━━━━━ EXTRACTED INFORMATION ━━━━━
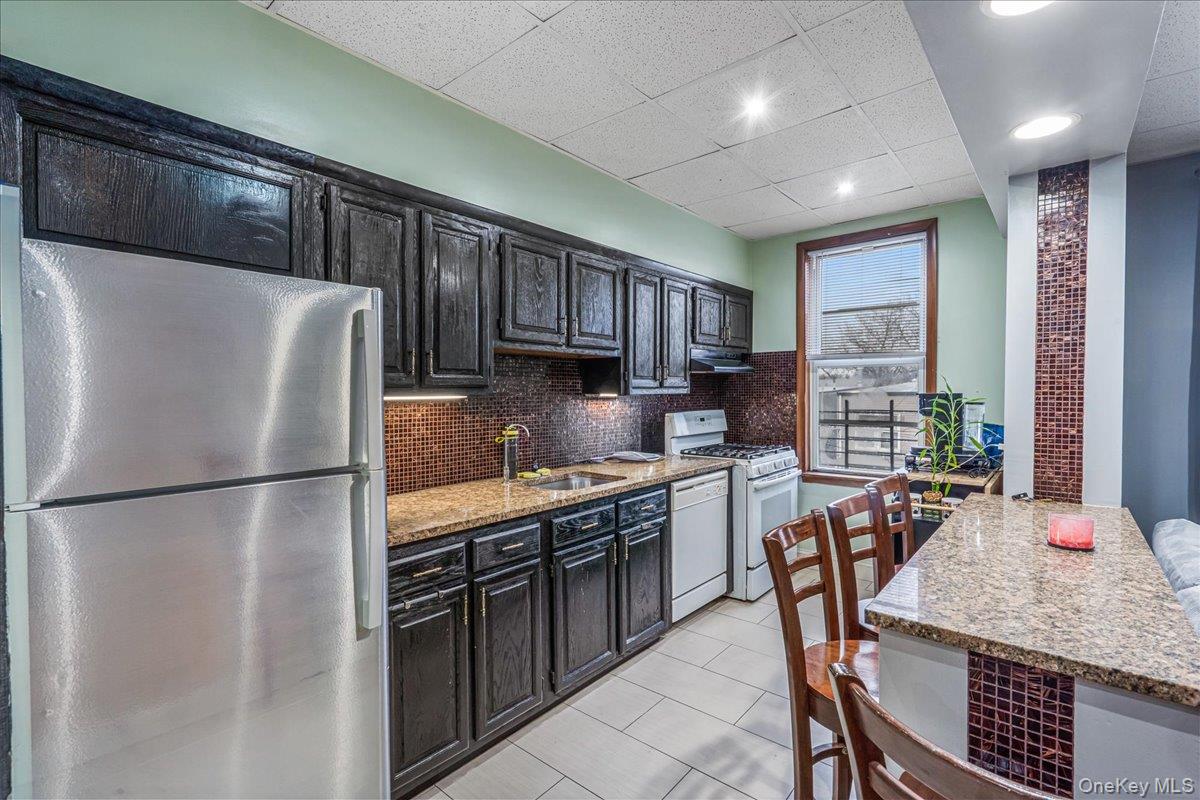 73-51 70th Street Property Photo 21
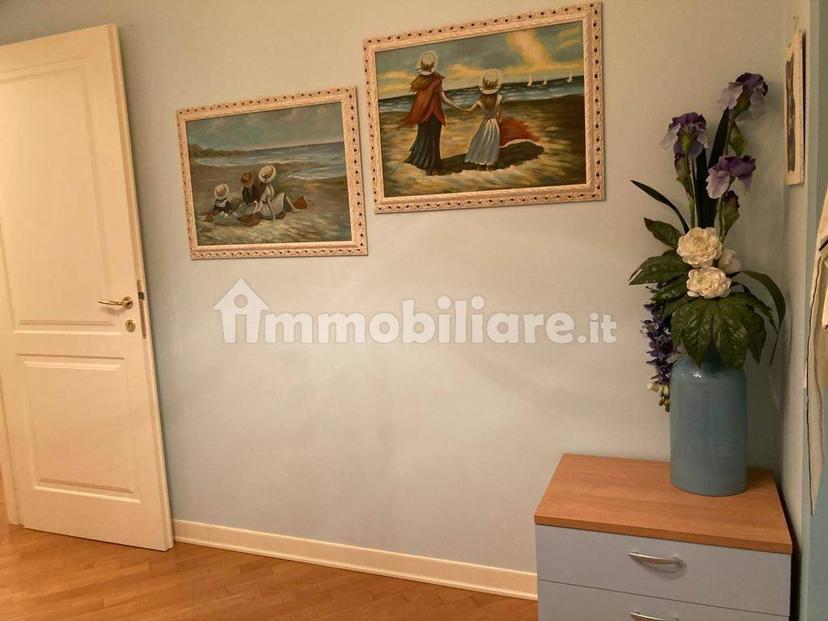 Quadrilocale via Xxv Aprile 20, Centro, Sirmione — foto 4 di 18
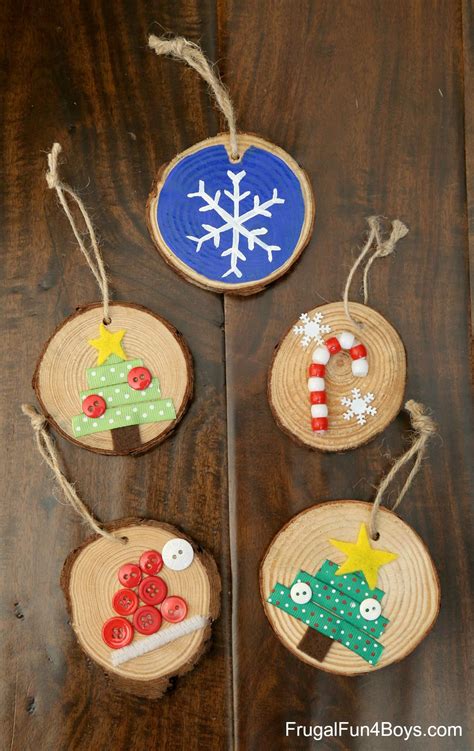 How to Make Adorable Wood Slice Christmas Ornaments - Frugal Fun For ...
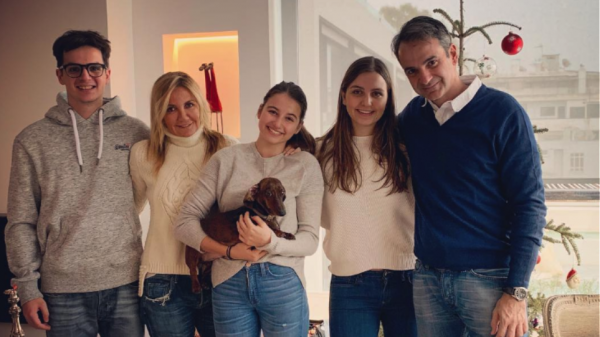 Κυριάκος Μητσοτάκης: Καλά Χριστούγεννα, με όλες τις ευχές μας για αγάπη, υγεία και ευτυχία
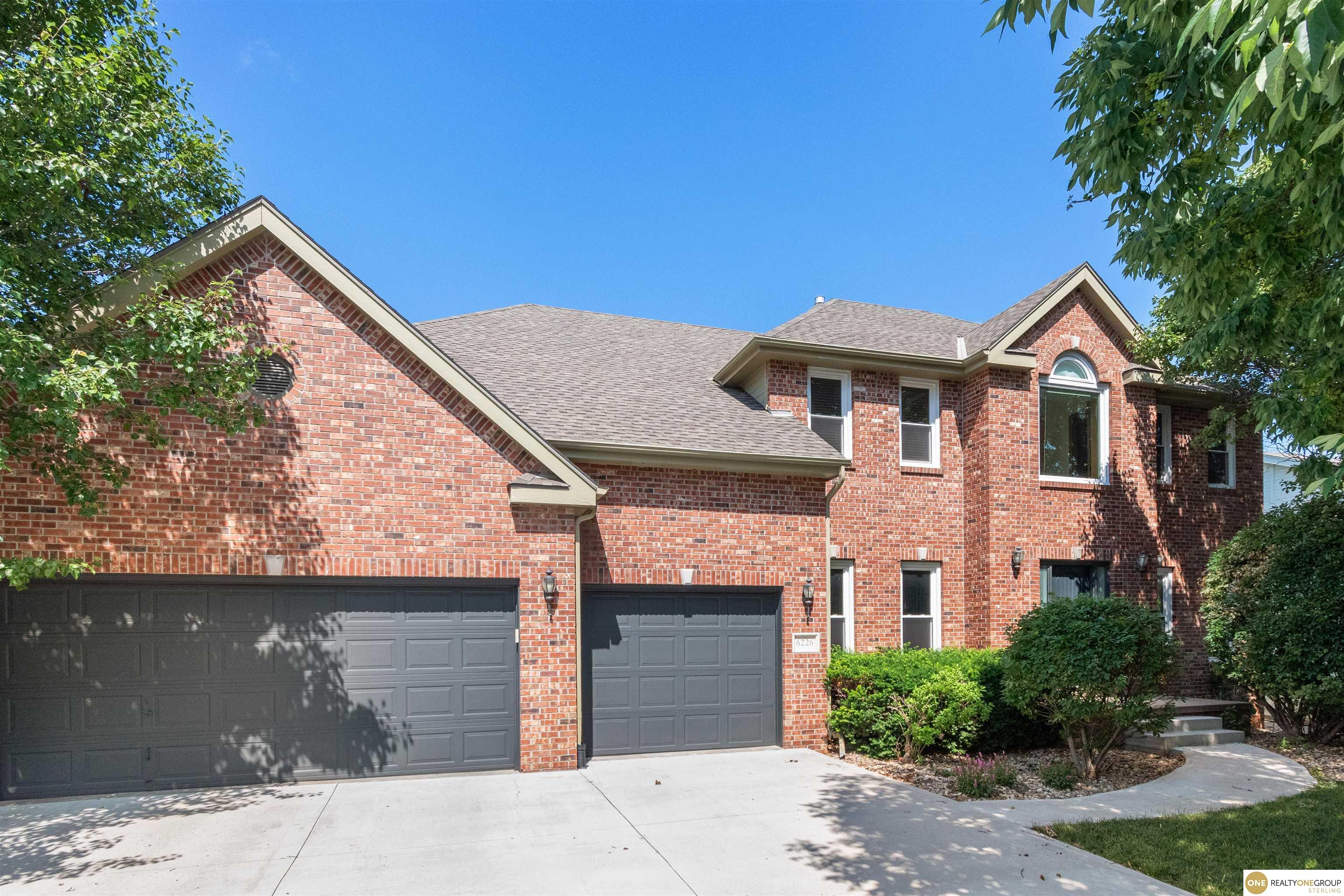 155th Ave, Omaha, NE 68116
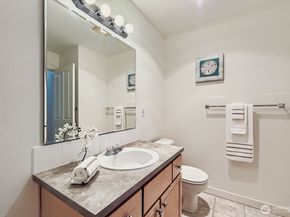 10630 221st Lane NE 204, Redmond WA 98053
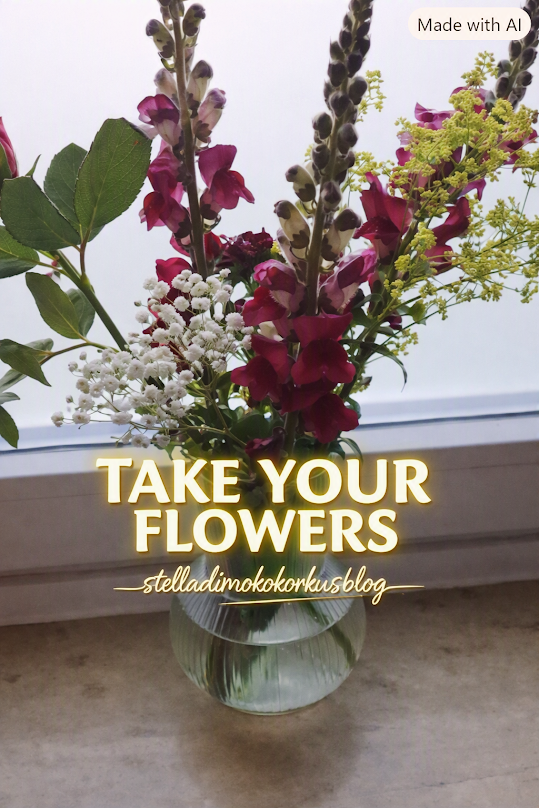 FRIDAY IN HOUSE NEWS Hands Out Flowers For Positive Comments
━━━━━
So that the copy stays exact, reproduce each record word for word and leave its images out.

# WORKED SOLUTION
 73-51 70th Street Property Photo 21
 Quadrilocale via Xxv Aprile 20, Centro, Sirmione — foto 4 di 18
 How to Make Adorable Wood Slice Christmas Ornaments - Frugal Fun For ...
 Κυριάκος Μητσοτάκης: Καλά Χριστούγεννα, με όλες τις ευχές μας για αγάπη, υγεία και ευτυχία
 155th Ave, Omaha, NE 68116
 10630 221st Lane NE 204, Redmond WA 98053
 FRIDAY IN HOUSE NEWS Hands Out Flowers For Positive Comments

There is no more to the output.